The story goes back a long time. My daughter, when she was three years old, she started playing the cello. And it was a very heavy, big instrument. So I – and she said, you know, this is a heavy instrument. So I said maybe we can make it light. So what's lighter than light? And it just so turned out and developed like that, that we realized that we could replace the strings of the – all the strings of the guitar with one single fibre.
So let's take the example of a normal guitar string. How does it make a sound? It makes a sound by stretching the string between two points and tensioning it, and it's a certain length. And that determines the frequency with which it oscillates. And when it oscillates – when you pluck it, it'll oscillate, and it'll set up a sound wave. And this sound wave is through the movement of atoms, the air that is around the string.
Now, how do we translate this into light, into a light pick-up? And we do this by launching light into this optical fibre, which we now replace the string with. And what happens is that there are many rays of light that are going inside this fibre. And what we are interested in is how the difference in the time that light takes to reach the output of the fibre, how that varies as a function of time. We are picking up the difference in the change in length of the output, or the time of arrival of light at the output, from between these two rays of light. And when we look at the difference, the variation in that, that is giving us the signature of the vibration of that string.
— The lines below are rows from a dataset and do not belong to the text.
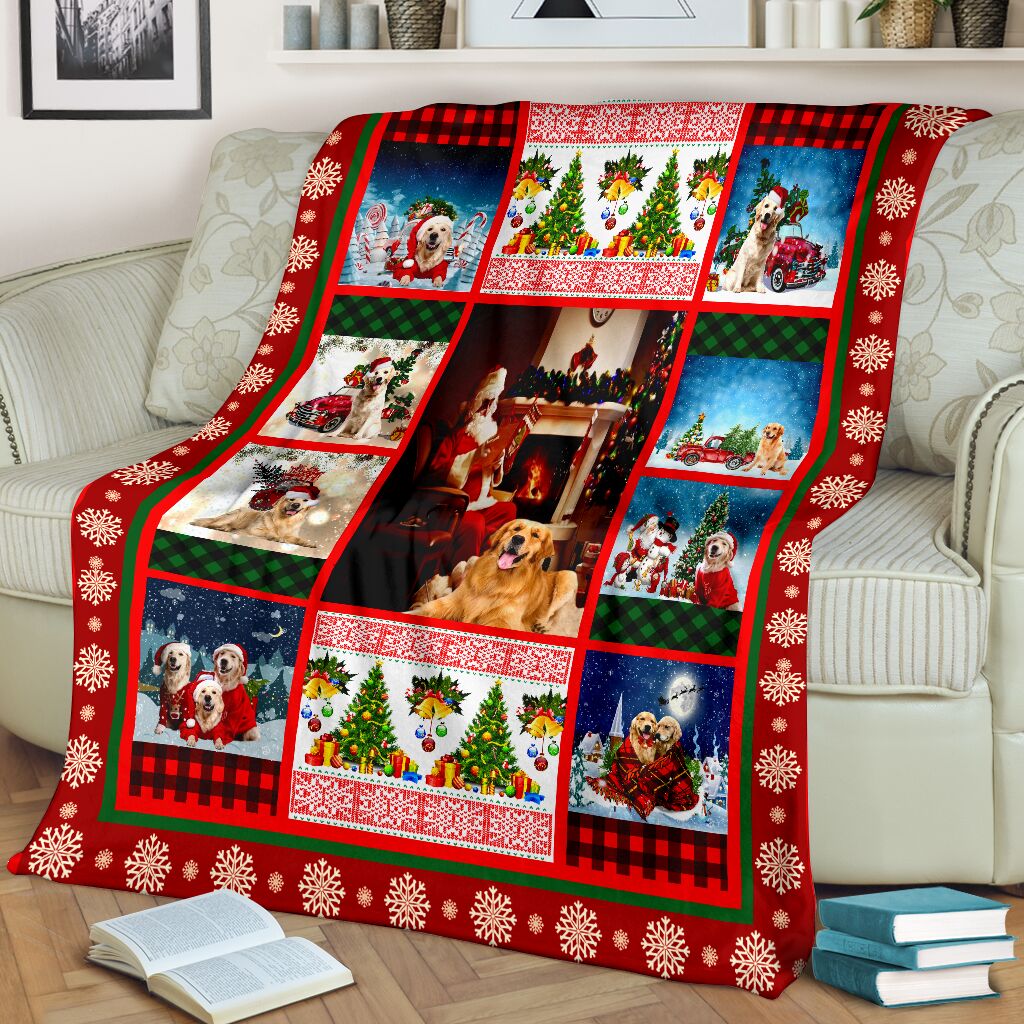 Golden retriever funny Christmas blanket - GIFTCUSTOM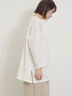 【Cross×Linen】フリルカラーブラウス（オフホワイト/ピンク/ベージュ/サックスブルー/ブルー）｜Samansa Mos2（サマンサ モスモス）通販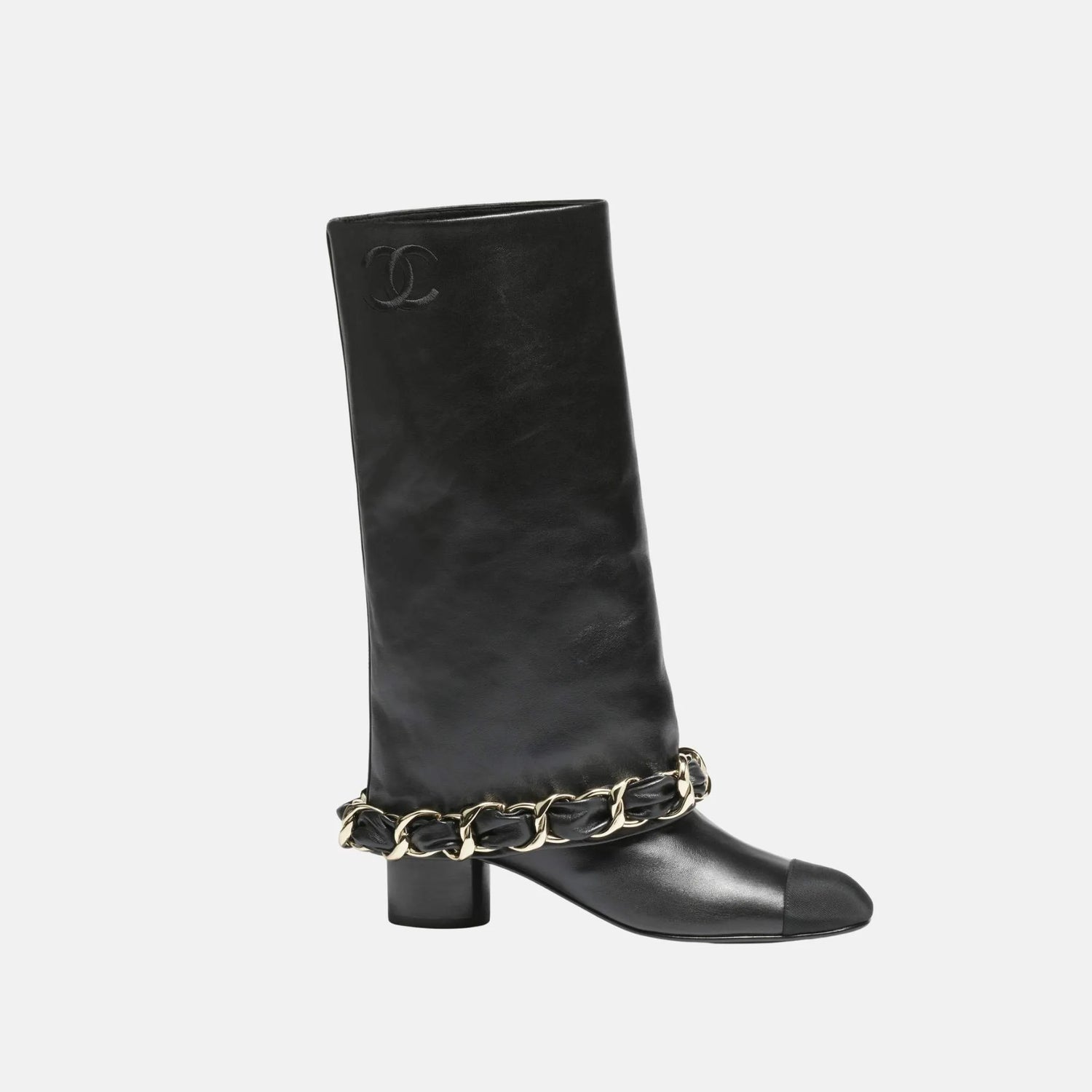 Chanel Boots in Lambskin and Grosgrain, Black, Side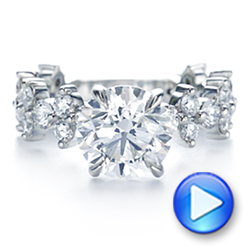 18k White Gold 18k White Gold Cluster Diamond Engagement Ring - Video -  106270 - Thumbnail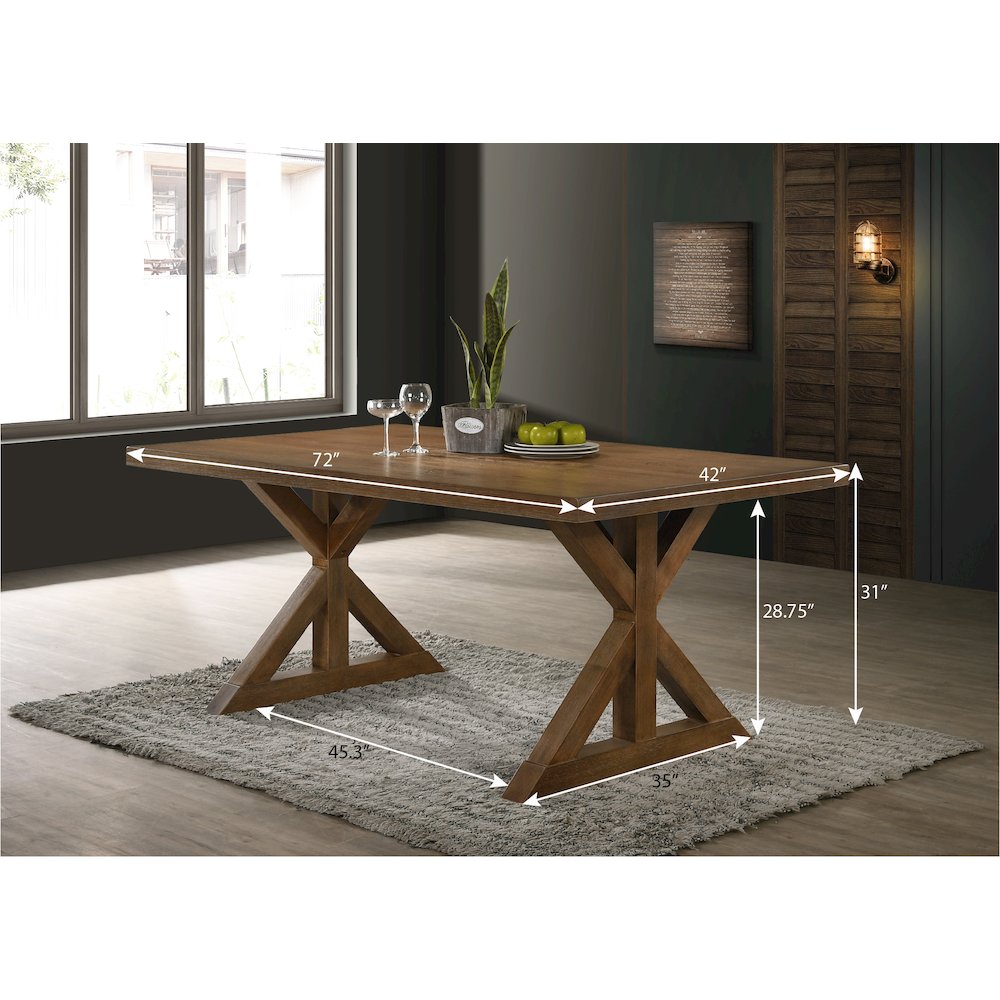 Enna Morden Farmhouse Wood Trestle Dining Table, Brushed Driftwood Finish. Picture 4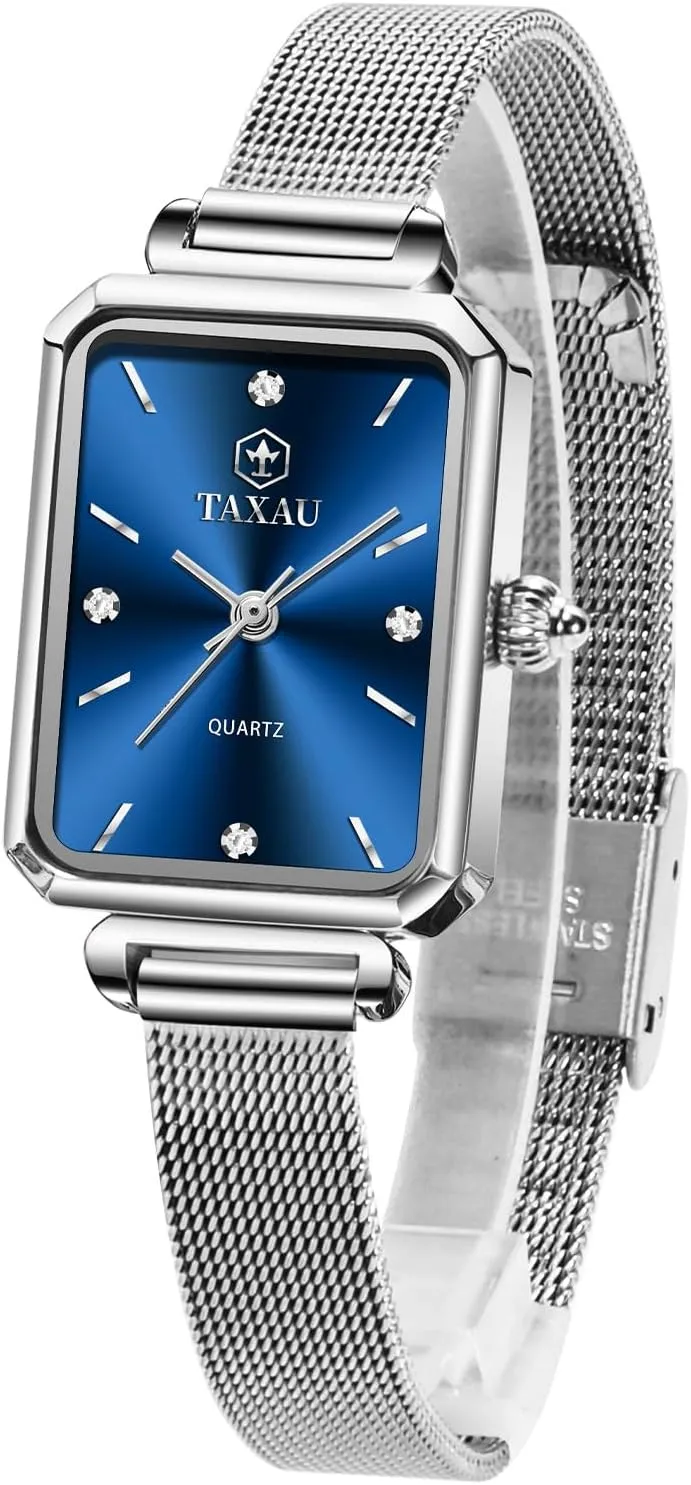 Silver Mesh Band Waterproof Watches for Women with Date Analog Quartz Reloj De Mujer Silver vitascope red repute Watch for Women Dress Ladies Watches for Small Wrists Square Watch 
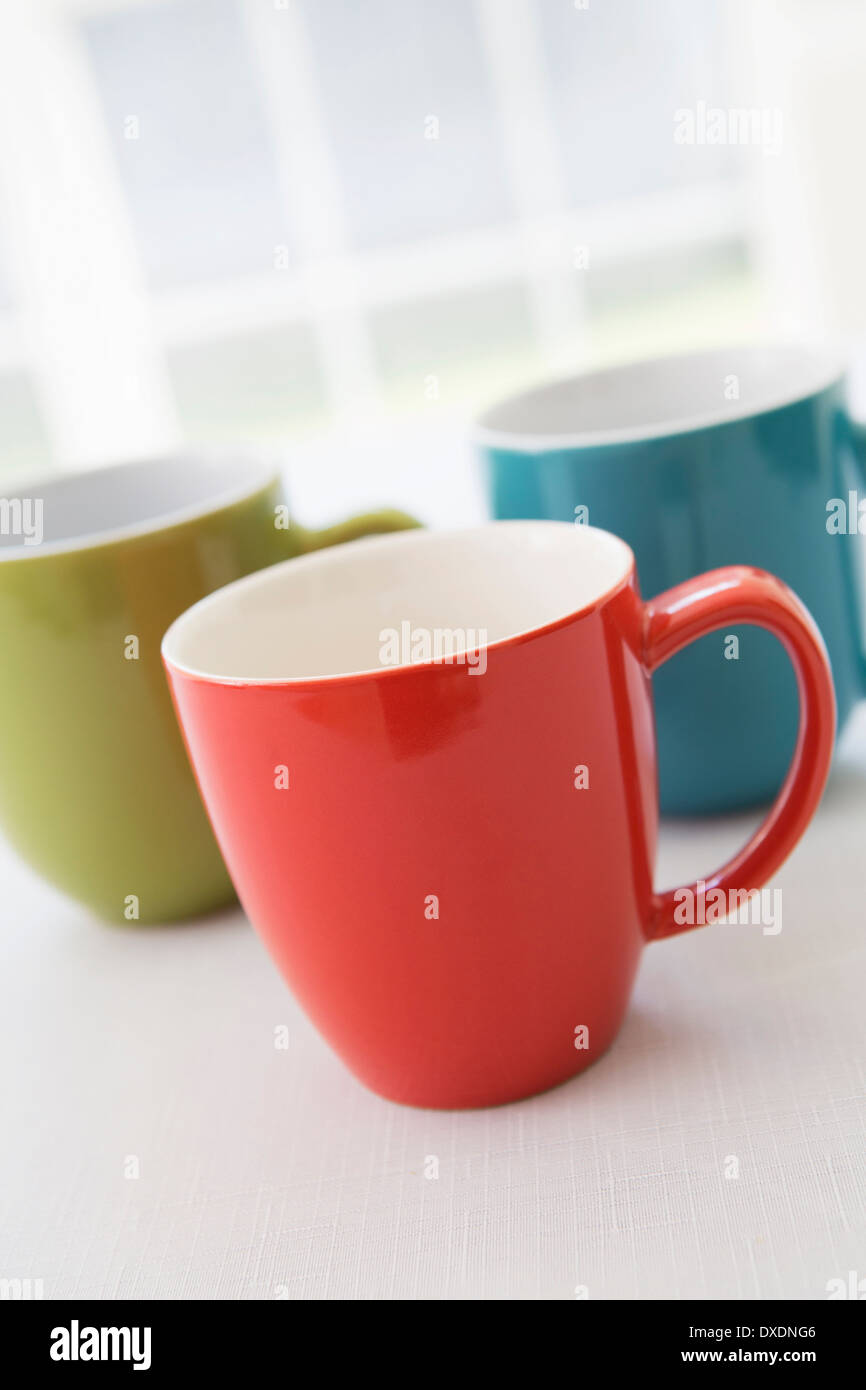 Colorful Mugs, Studio Shot Stock Photo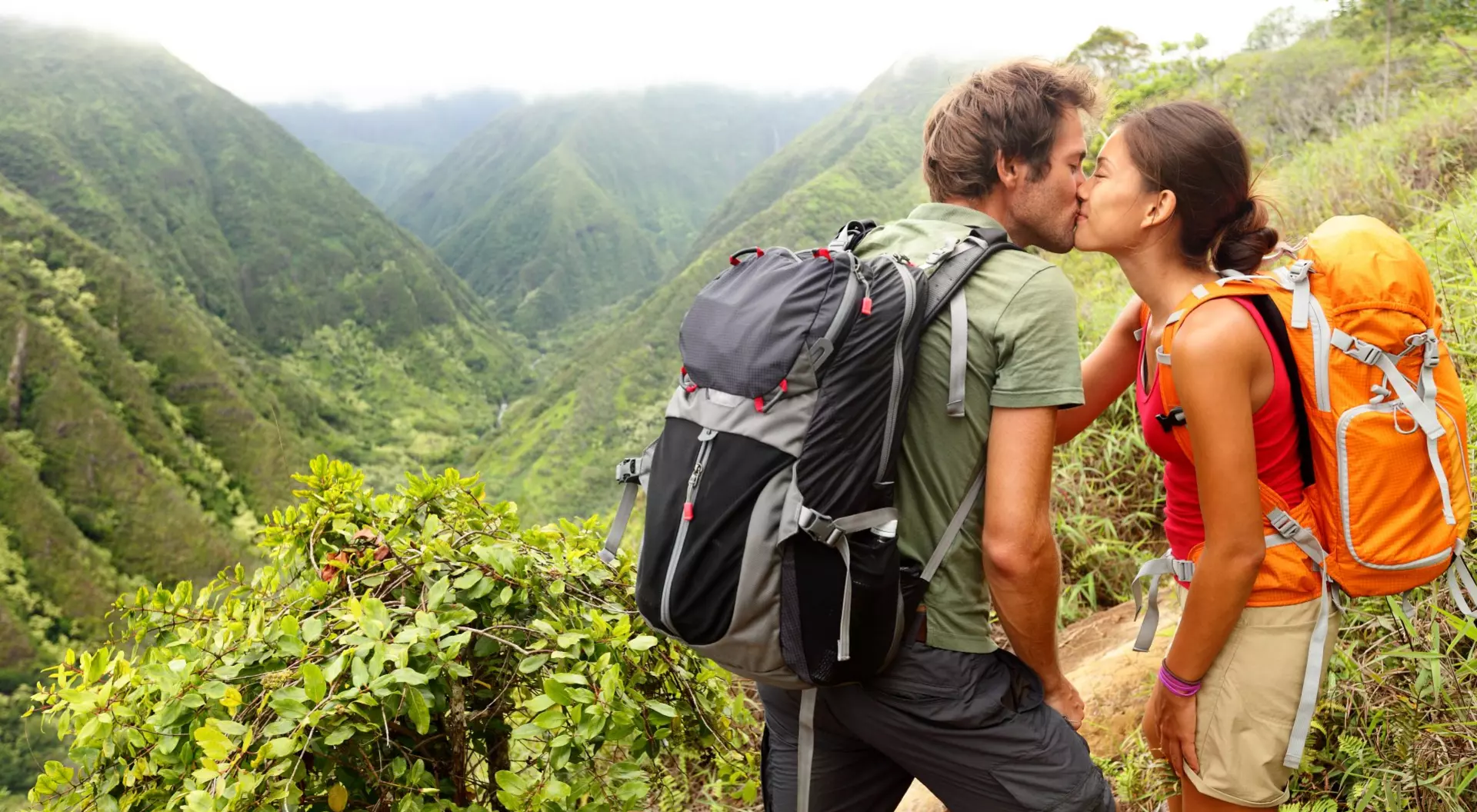 Hawaii Romantic Young Hikers in Mountain Forest Nature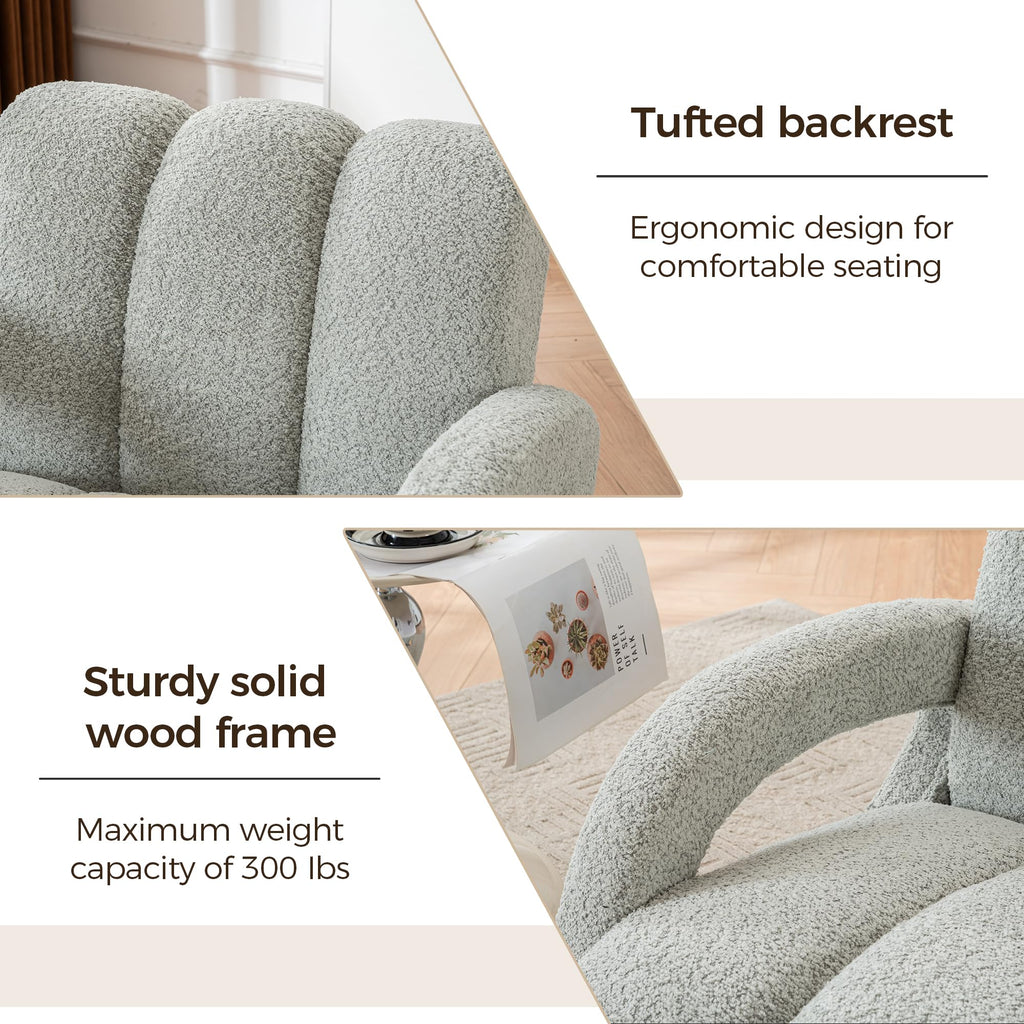 Mid Century Modern Accent Chair Set of 2 with Solid Wood Frame, Upholstered Living Room Chairs with Thick Cushion, Boucle Tufted Armchair for Bedroom, Reading Room, Ivory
I think in particular the Discovery Grants Program has been a key cornerstone of research. It's a small amount of money, but it lasts a long time, over many years. This has also been an envy of a lot of people, even in America, because they have to fight for their money very hard because that includes all sorts of different things. This is a small amount of money which allows you to engage maybe a research assistant or a couple of PhD students and work with them over the long term. And this has also been instrumental in building this optical guitar that you've seen today.